- Task brief:
Transcribe exactly, and without pictures, only the lines from the one bearing "A stack of three" through the final line of the data below.

[Crawled caption data]
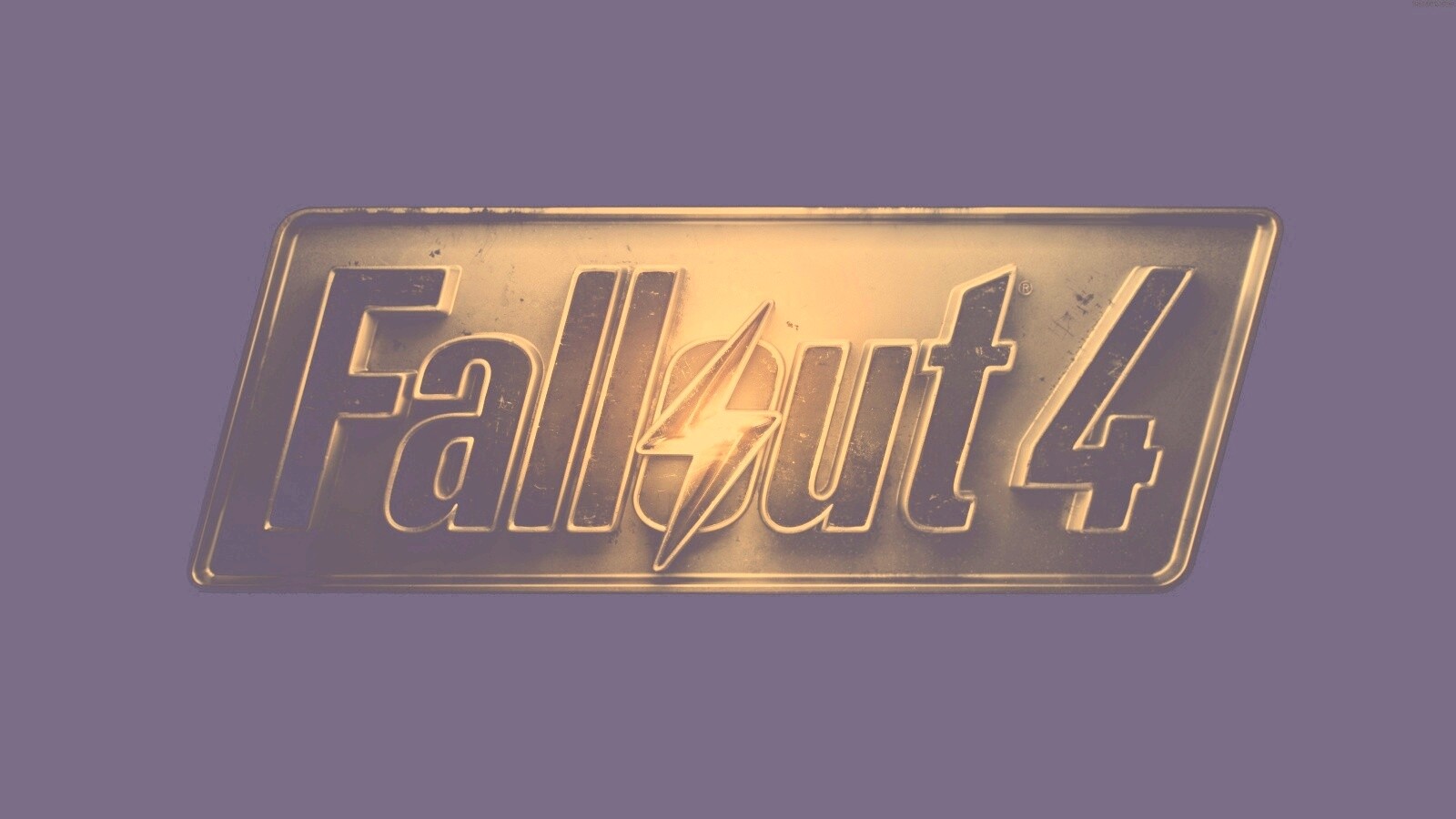 Fallout4 logo обои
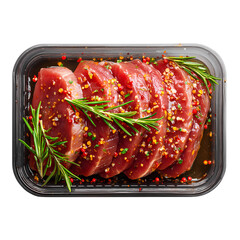 A stack of three golden maamoul cookies are isolated with a transparent background.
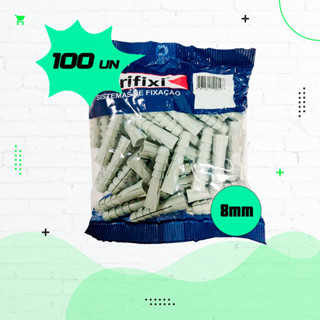 Bucha para fixação Comum 8mm - 100 Un - Trifixi em Oferta na Shopee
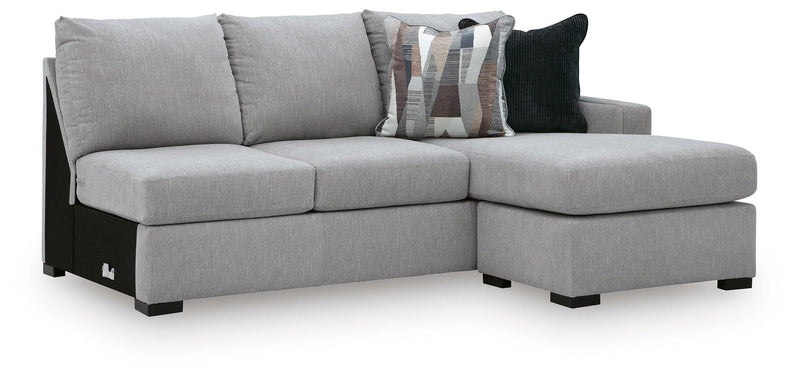 Lakepoint Nickel Right-Arm Facing Sofa Chaise - 6680403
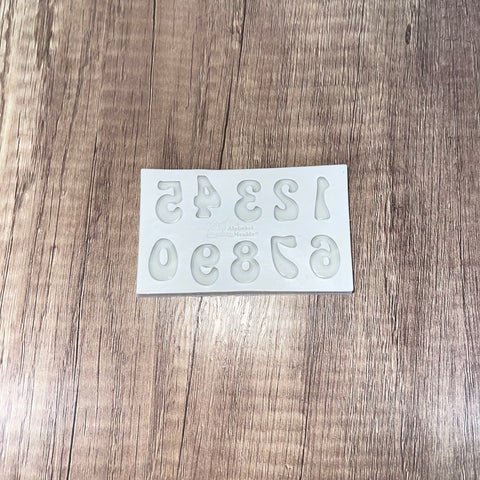 Silicone Numbers Mold (0-9)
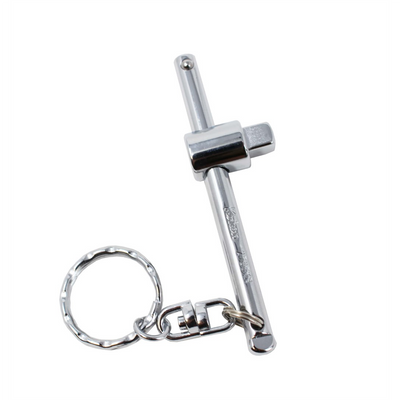 Ko-ken USA 1/4 Sq. Dr. Sliding T Handle    Length 75mm Key Ring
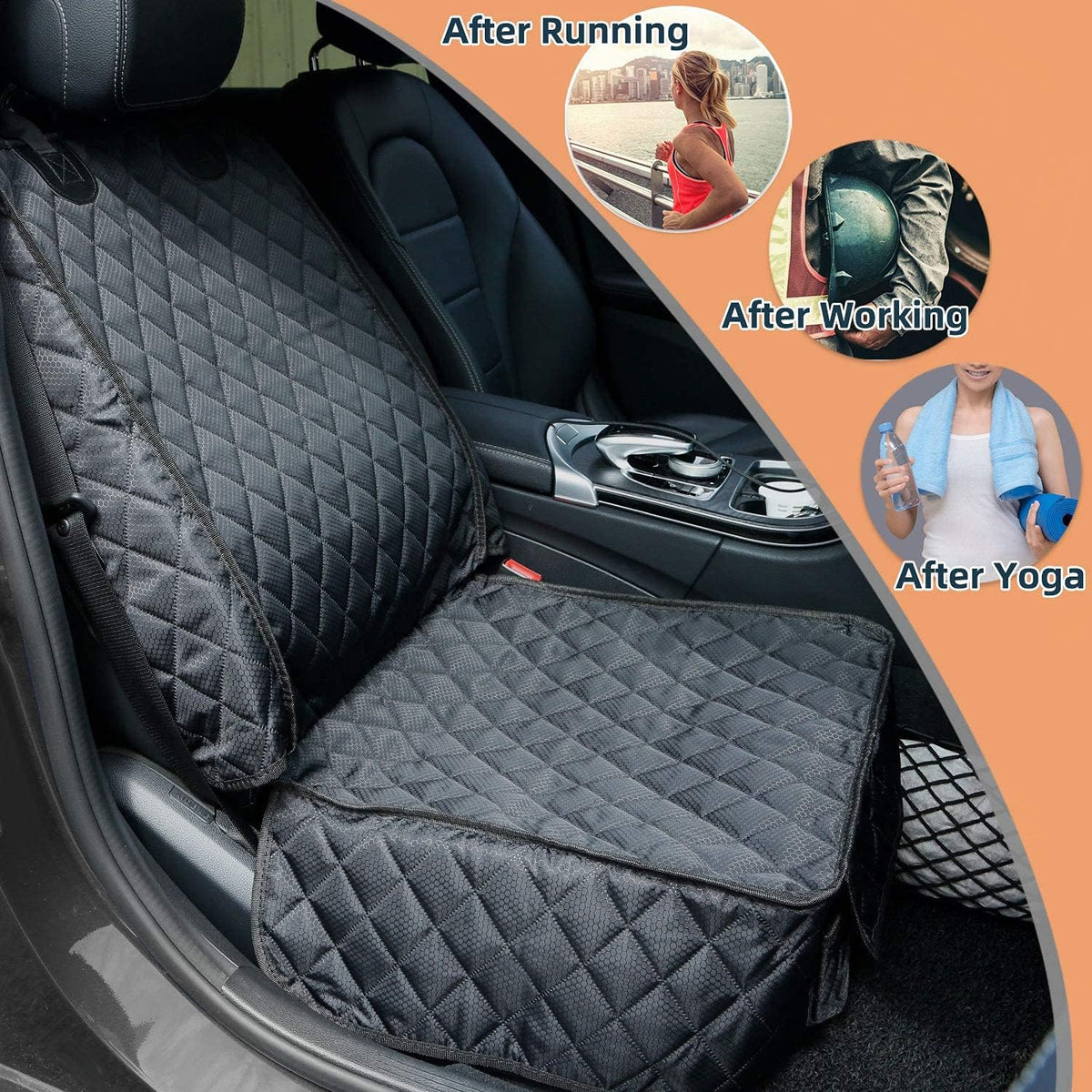 PETICON Waterproof Front Seat Car Cover, Full Protection Dog Car Seat Cover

- Your solution:
 A stack of three golden maamoul cookies are isolated with a transparent background.
 Bucha para fixação Comum 8mm - 100 Un - Trifixi em Oferta na Shopee
 Lakepoint Nickel Right-Arm Facing Sofa Chaise - 6680403
 Silicone Numbers Mold (0-9)
 Ko-ken USA 1/4 Sq. Dr. Sliding T Handle    Length 75mm Key Ring
 PETICON Waterproof Front Seat Car Cover, Full Protection Dog Car Seat Cover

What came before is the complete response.